The distanced quality of a voice immersed in richly atmospheric soundscapes that Burnett, 71, has created suggests some extraterrestrial terrain light-years away or perhaps an inner voice from deep within struggling to be heard against the noise of the outer world.

“I didn’t want it to be naturalistic,” Burnett explained while seated at a broad, elegant wood dinner table at his home in Brentwood. “I wanted it to be electronic and from another place … like it was coming from this other land where all this stuff is happening. ‘Itopia’ — that’s what I’ve been calling it.”

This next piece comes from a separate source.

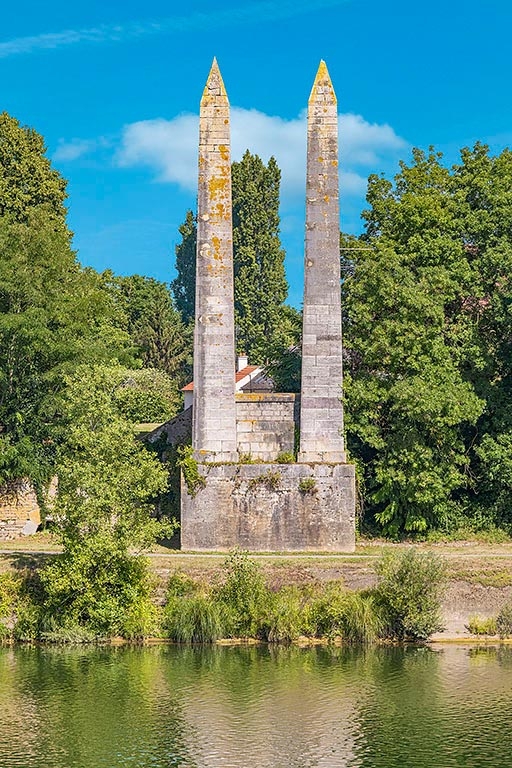 Les pylônes de l'ancien pont suspendu de Chauvort (71).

Wherever that voice might originate from, it’s both sounding a warning of looming dangers and offering possible responses to those perils, which reflect Burnett’s thinking two decades into the 21st century, as the world moves into an era dominated by behemoth tech monopolies and the dawn of life in the age of artificial intelligence. “The Invisible Light: Acoustic Space” is billed as the opening third of what Burnett, who has recorded with Bob Dylan, Roy Orbison, Elvis Costello and more, says will be a trilogy of releases representing “my final statement” as a recording artist.

He’s tapping a lifetime of thinking on a plethora of subjects for something of an epic poem of his own, now running about 5,000 lines, he said. That’s the source of the material for “The Invisible Light” and its forthcoming successors, a creative outpouring he considers “lyrically and musically a culmination of everything I’ve learned.” He also said he expects he’ll publish the poem in its entirety at some point and call it quits as a recording artist.

Rather than discrete conventional songs, Burnett and his two longtime musical collaborators — percussionist Jay Bellerose and keyboardist and ambient music experimentalist Keefus Ciancia — have crafted a half-dozen extended tracks, all upward of six, seven or eight minutes long, heavy on improvisational interplay among the threesome, with Burnett’s lyrics serving as the equivalent of sheet music.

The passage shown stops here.